Şayet Trump bu söylediklerini yaparsa ya da daha doğru ifadeyle yapmaya teşebbüs ederse ABD siyasi vasatını kelimenin tam anlamıyla büyük kaos bekliyor demektir. En büyük kaosun göçmenler ve LGBT meselesinde yaşanacağını öngörmek mümkün. Trump seçim öncesi “ülkemizin kanını emiyorlar” dedikleri göçmenleri gerekirse orduyu kullanarak sınır dışı edeceği söylemişti. Hatta "sınır çarı!" olarak atadığı Tom Homan "Söz veriyorum, Trump ocak ayında geri döndüğünde ben de onunla olacağım ve bu ülkenin gördüğü en büyük sınır dışı operasyonunu yürüteceğim," açıklamalarında bulunmuştu. “Önümüze çıkanı ezip geçeriz.” diyen Homan’ın bu radikal uygulamasına karşı Demokrat eyalet valileri ise “bizler varken bir şey yapamazsınız” diyerek Trump’a ve Homan’a meydan okumaktalar.
LGBT lobileri de ayakta. Zira Trump seçim öncesi yaptığı açıklamalarında ülkede hızla yayılan LGBT sapkınlığına geçit vermeyeceği, hatta pislik olarak tanımladığı “LGBT’yi ülkeden temizleyeceği” açıklamasında bulunmuştu.
Trump, cinsiyet değişikliğine dair yasalara düzenleme getireceğini, çocuklara uygunsuz cinsel içeriklerle transseksüel ahlaksızlığını öğreten okullara sağlanan devlet fonlarını keseceğini söylüyor.
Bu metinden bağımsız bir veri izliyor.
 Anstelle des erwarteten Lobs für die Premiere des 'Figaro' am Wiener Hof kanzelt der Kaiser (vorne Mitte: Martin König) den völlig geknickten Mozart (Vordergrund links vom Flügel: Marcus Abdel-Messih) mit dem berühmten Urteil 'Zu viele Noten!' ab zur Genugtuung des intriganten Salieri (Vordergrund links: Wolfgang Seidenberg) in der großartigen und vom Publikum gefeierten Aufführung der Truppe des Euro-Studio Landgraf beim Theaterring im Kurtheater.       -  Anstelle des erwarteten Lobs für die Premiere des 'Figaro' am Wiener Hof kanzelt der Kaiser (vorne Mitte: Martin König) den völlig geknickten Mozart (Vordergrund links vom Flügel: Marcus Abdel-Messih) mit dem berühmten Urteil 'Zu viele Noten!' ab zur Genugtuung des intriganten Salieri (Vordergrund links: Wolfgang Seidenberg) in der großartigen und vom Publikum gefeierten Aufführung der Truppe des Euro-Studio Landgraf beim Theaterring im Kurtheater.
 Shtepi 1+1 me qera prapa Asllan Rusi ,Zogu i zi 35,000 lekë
Trump başkanlığının ilk döneminde LGBT konusunda önemli adımlar atmıştı. Mesela, 2017 yılında söz konusu hastalıkla şaz askerlerin ABD ordusunda görev yapmasını engelleyen bir kararname imzalamıştı. Yine Obama döneminde çıkarılan ve trans öğrencilerin okullarda kimliklerini destekleyen uygulamaları durdurmuştu.
Trump, LGBT çevrelerini öfkelendiren bu adımlarını ikinci döneminde daha ileri götürecek mi? Bu konuda şüpheyle yaklaşanlar yok değil. Seçim öncesi her ne kadar birtakım vaatler de bulunsa da Trump’ın LGBT sapkınlığı konusunda çok da ileri gitmeyeceği söyleniyor. LGBT’ye karşı birtakım tedbirleri devreye sokacağını söyleyen aynı Trump’ın LGBT paçavralarıyla çekilmiş fotoğrafları eşliğinde daha önceleri LGBT’li vatandaşları korumak için elinden geleni yapacağı yönünde açıklamaları hatırlatılıyor. Sonuç olarak ABD’yi bol krizli, kaos dolu sıcak günler bekliyor. Ne diyelim, Rabbim ziyadeleştirsin.